Items listed in a dataset:
########

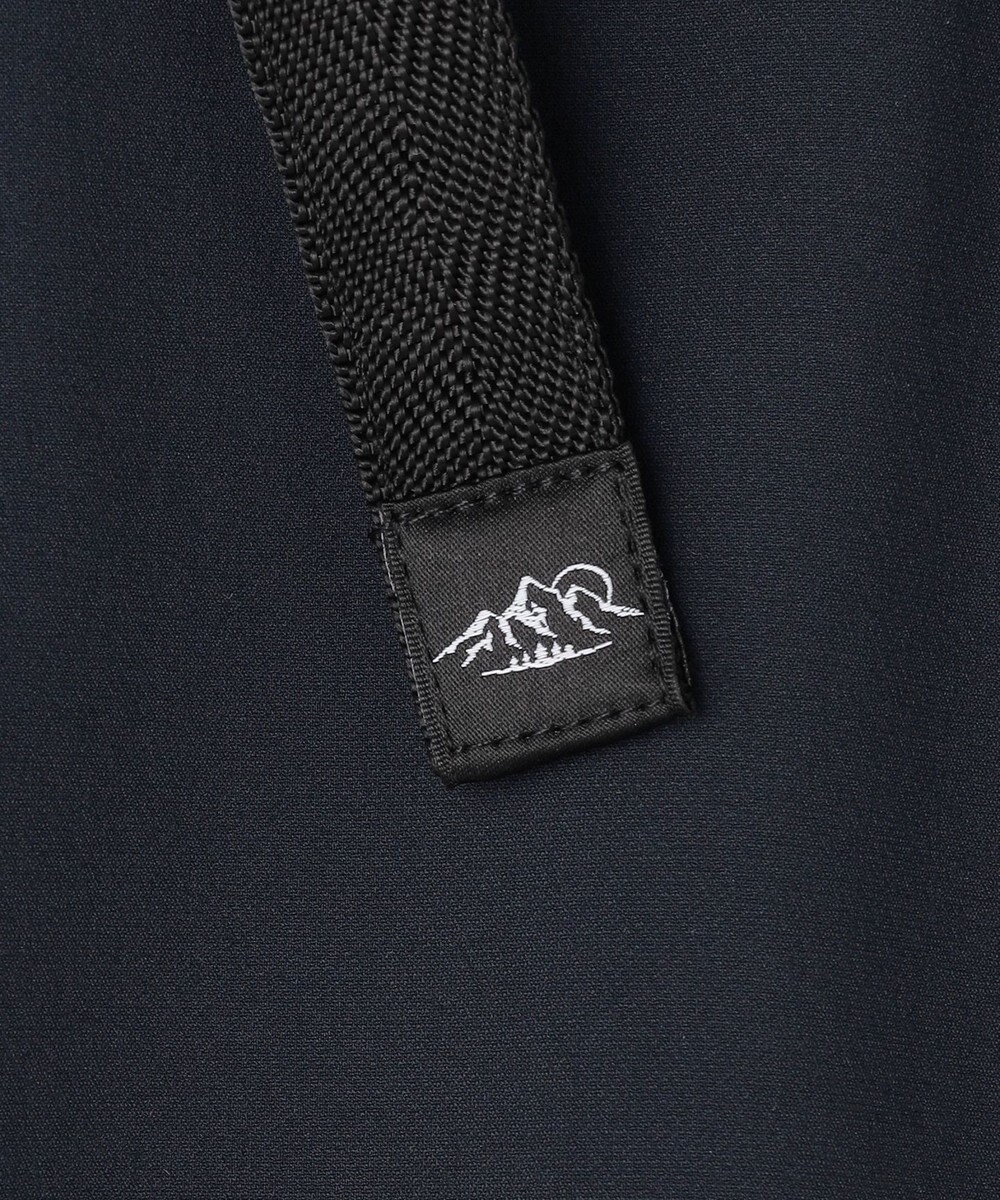 JOSEPH ABBOUD MOUNTAIN 【2WAYストレッチ/5ポケット/ソフト】ハイパワー2WAYストレッチ パンツ 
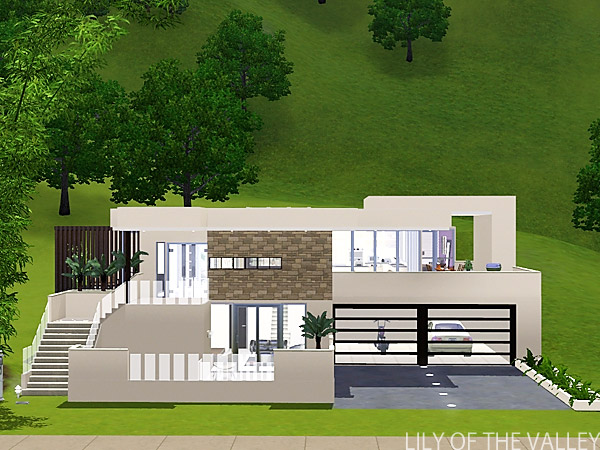 house09_01.jpg house09_01.jpg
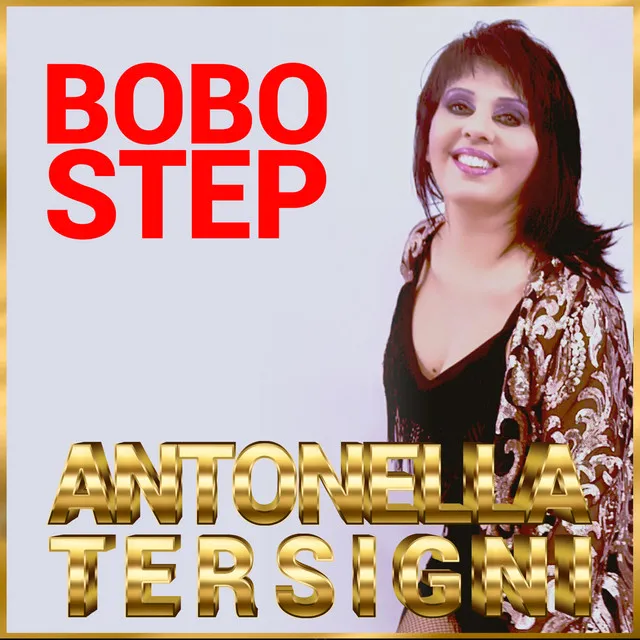 Bobo Step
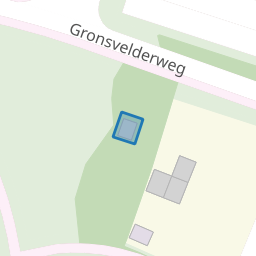 Perceel MTT00-P-6837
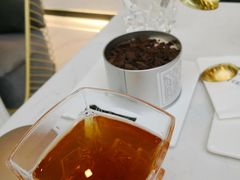 -麦雪尔甜品·生日蛋糕(新街口旗舰店)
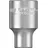 KWB Steckschlüsseleinsatz 7 mm 3/8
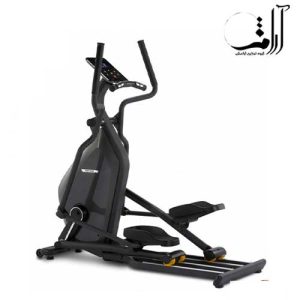 الپتیکال-پروتئوس-مدل-VANTAGE-F5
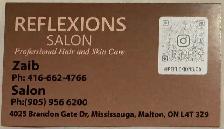 Hiring Skilled Barbar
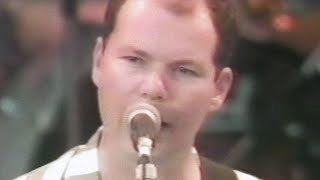 Christopher Cross  Sailing Live In Japan 1986 [upl. by Rosemaria]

########

- [TASK ITEM]: Write the records out once more, exactly as they appear, with no pictures.

- [WORKED SOLUTION]:
 JOSEPH ABBOUD MOUNTAIN 【2WAYストレッチ/5ポケット/ソフト】ハイパワー2WAYストレッチ パンツ 
 house09_01.jpg house09_01.jpg
 Bobo Step
 Perceel MTT00-P-6837
 -麦雪尔甜品·生日蛋糕(新街口旗舰店)
 KWB Steckschlüsseleinsatz 7 mm 3/8
 الپتیکال-پروتئوس-مدل-VANTAGE-F5
 Hiring Skilled Barbar
 Christopher Cross  Sailing Live In Japan 1986 [upl. by Rosemaria]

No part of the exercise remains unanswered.